Lots of people, well, live in Tribeca.


It’s the MBA. Not any old MBA. Ms. Toboroff has one from Columbia, and that’s Ivy League. Plus she’s been in business before. She’s been an analyst, and has run an import business, and a catering firm, among others.


So when she saw the TV ad for one of those companies that promise to protect your idea, get you a patent, and help you develop the business (“One of those ‘If you have an idea, no matter how silly it is, call us’ places.”) she looked into it, bringing to the table some of the expertise she developed as an analyst for Equitable, and as an entrepreneur.


“So far I am very pleased,” she said yesterday. “They have done everything they said they were going to do, and they did it right on time.”


The product idea: bandages in a huge variety of colors, for blacks, whites, and folks in between – plus any subcategory of the above with the addition of a sunburn or suntan.


In fact, that’s how the whole thing started.


Ms. Toboroff was literally scooting around, on a scooter, in St. Tropez, where she and her husband, Leonard, have a home, and she had a small accident.


The resultant bandage might have matched her skin, if she wasn’t suntanned. But she was, and it didn’t.


“It was hideous, walking around St. Tropez with that thing,” she said.


Ms. Toboroff got to grousing about the problem with her St. Tropez-based friend and now co-investor Cristiane Quezel, who, it turns out, spends a lot of time in Africa.

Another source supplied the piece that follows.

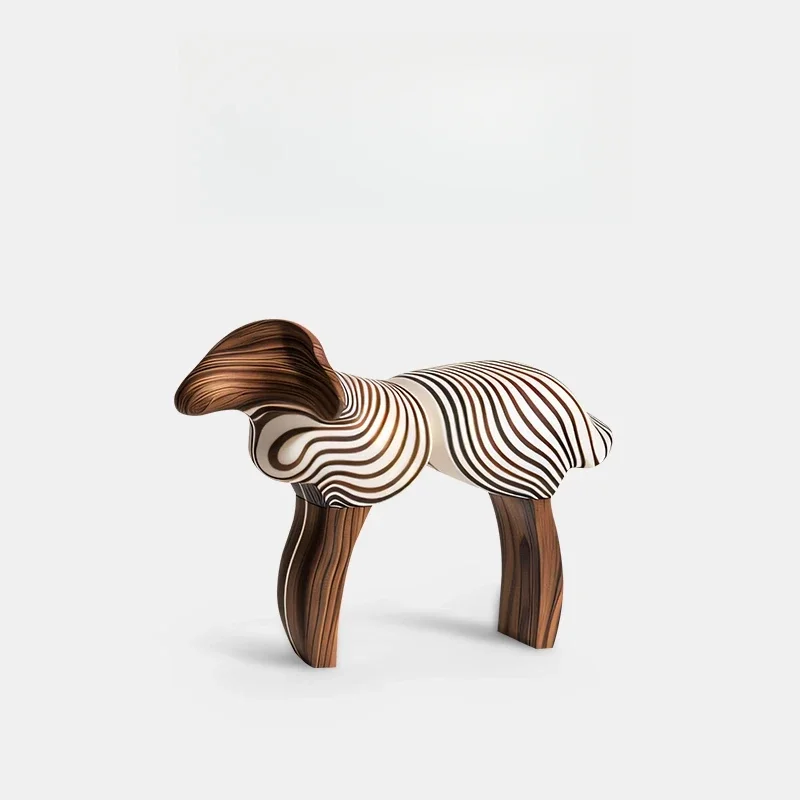 Italian light luxury creative abstract lamb solid wood stool artistic design sense children's stool household animal stool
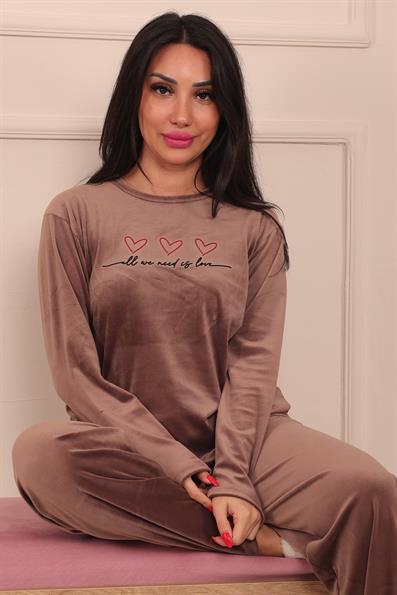 Kadın Remember To Sloganlı Uzun Kollu Kadife Pijama Takımı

The problem is a lot worse there, Ms. Quezel reported. Thus the idea was born. And it was nudged a bit forward when Ms. Toboroff couldn’t sleep one night and spotted the advertisement.


Ms. Toboroff said the company’s marketing experts have reported that they found there was no other company with patent on the idea, and running an existing business – despite the fact that “I would have thought there was.”


“Right now I have a holding application for a patent,” she said. For the same $10,000 (split 50/50 with Ms. Quezel, making Ms. Toboroff’s stake actually only $5,000) the company has presented her with a full color brochure and reported that it has sent it out to prospective investors.


“Also I can go out on my own and look for my own manufacturers, and I wouldn’t have to give them (the product development company) a cent,” she said.


Right now, she said, she is content to sit and wait to see what the product development company comes up with.


But if it takes too long, Ms. Toboroff is not without wealthy friends, here in New York, and in St. Tropez, where her skin color changes constantly.